Inception Architecture

As we’ve discussed in other notebooks, a key reason that we employ convolution to our image networks is to adjust the complexity of our model.

When we apply N convolutional filters to a given layer, the following layer has final dimension equal to N– one for each channel.

1x1 Convolution

Because convolution gets applied across all channels, a 1x1 convolution is less about capturing features in a given area of any channel, but instead translating information into other, easier-to-compute dimensions.


It’s helpful to consider a 1x1 convolution as a sort of “Fully Connected sub-layer” that maps the value in all channels to one output cell in the next layer.

You can see that this intuition holds below, considering that we’re evaluating 32 input values against 32 weights– basic hidden layer stuff.

from IPython.display import Image



Additionally, applying more 1x1 convolution filters allows us to translate between the final input dimension to arbitrarily-many dimensions for the next layer, while maintaining the information gain of training (because each FC sub-layer will still update on backprop like a normal network).



But how is this useful?

Computation Benefits

Consider a simple case where we want to go from a 28x28x192 layer via 32 5x5 filters



The amount of calculations that happen here are a direct function of:

  • The dimensions of the output layer
  • The number of channels in the input layer
  • The size of the filters

Giving us

$ (28 * 28 * 32) * (192) * (5 * 5) \approx 120M$

Now see what happens when we use 1x1 convolution to create an intermediate layer.



Enumerating the calculations happens in two stages.

First, going from the input layer to the hidden layer.

$ (28 * 28 * 16) * (192) * (1 * 1) \approx 2.4M $

Then going from the hidden layer to the output layer

$ (28 * 28 * 32) * (16) * (5 * 5) \approx 10M $

Summing the two, we get 12 Million – nearly a tenth of the number of computations as before, while still outputting a 28x28x32 layer, and maintaining strong information gain by employing multiple “Fully Connected sub-layers” as mentioned above.

Inception Network

Block Level

And so the Inception Network developed by Google uses this to great effect.

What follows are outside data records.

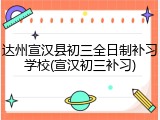 达州宣汉县初三全日制补习学校(宣汉初三补习)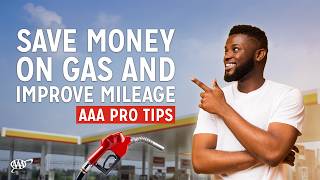 Save Money at the Pump: Driving Tips From AAA to Increase Gas Mileage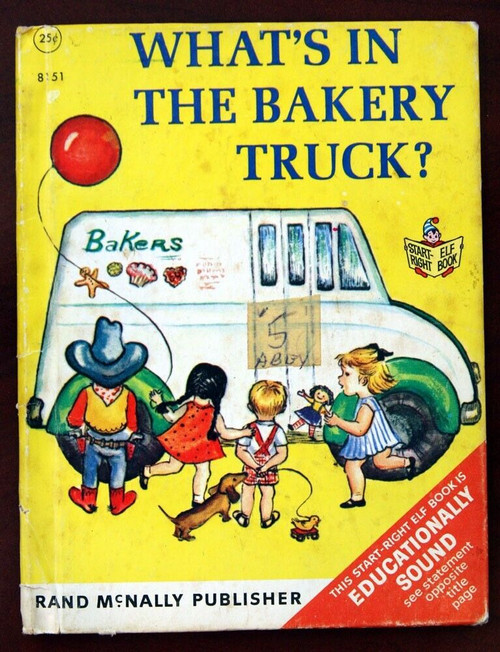 What's in the Bakery Truck? Tilden Wells 1967 Rand McNally Start-Right Elf Book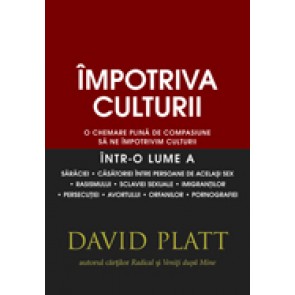 Impotriva culturii. O chemare plina de compasiune sa ne impotrivim culturii intr-o lume a saraciei, casatoriei intre persoane de acelasi sex, rasismului, sclaviei sexuale, imigrantilor, persecutiei, avortului, orfanilor, pornografiei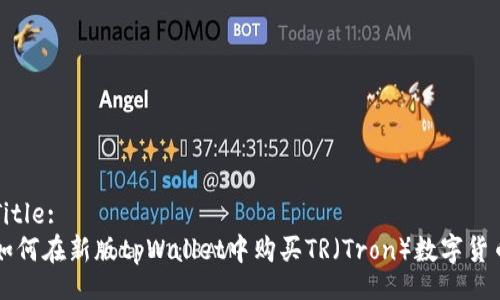 Title:
如何在新版tpWallet中购买TR(Tron)数字货币
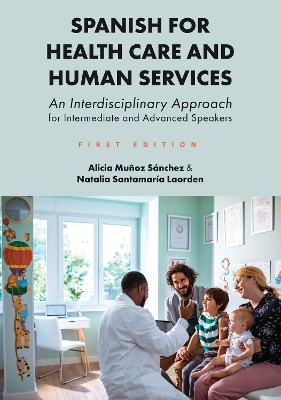 Spanish for Health Care and Human Services - Alicia Munoz Sanchez, Natalia Santamaria Laorden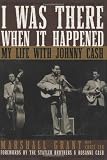 I Was There When It Happened: My Life with Johnny Cash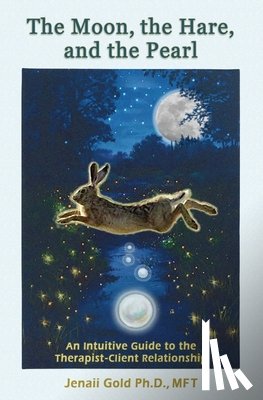 Gold, Jenaii - The Moon, the Hare, and the Pearl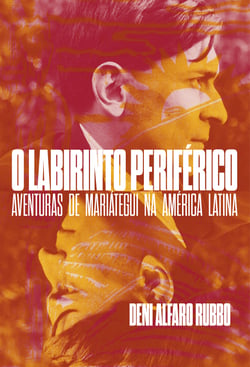 O labirinto periférico - aventuras de Mariategui na América Latina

Instead of figuring out what filter/kernel size to apply from layer to layer, they build in 1x1, 3x3, 5x5, as well as a Max-Pool layer for good measure, then concatenate them all together into a huge, 256-channel output. They leave it to backpropagation to figure out which sections of the output are worth using for information gain.



Mechanically, as above, they leverage the computation-reduction afforded by 1x1 filters for each component. This practice is often referred to as a bottleneck layer wherein you shrink the representation before expanding again via convolution filters.



This results in:

  • Very flexible learning strategies
  • Relatively cheap computation

At Scale

So much so, that the architecture is implemented as a bunch of these blocks chained together



Using It


As we mentioned in the VGG architecture notebook, the Inception architecture is available for use in keras (and also is a heafty download if you haven’t yet used it!)

from keras.applications import inception_v3

model = inception_v3.InceptionV3()
Using TensorFlow backend.

I’ll spare you scrolling through model.summary(), it’s pretty huge.


Total params: 23,851,784
Trainable params: 23,817,352
Non-trainable params: 34,432

Documentation is available here

Inception ResNet

Alternatively, there is promising work being done to combine the best elements of the Inception framework with the information-passing elements residual Neural Networks.

You can employ the latest version of this work, again using keras, with the following.

from keras.applications import inception_resnet_v2

model = inception_resnet_v2.InceptionResNetV2()

It’s even bigger


Total params: 55,873,736
Trainable params: 55,813,192
Non-trainable params: 60,544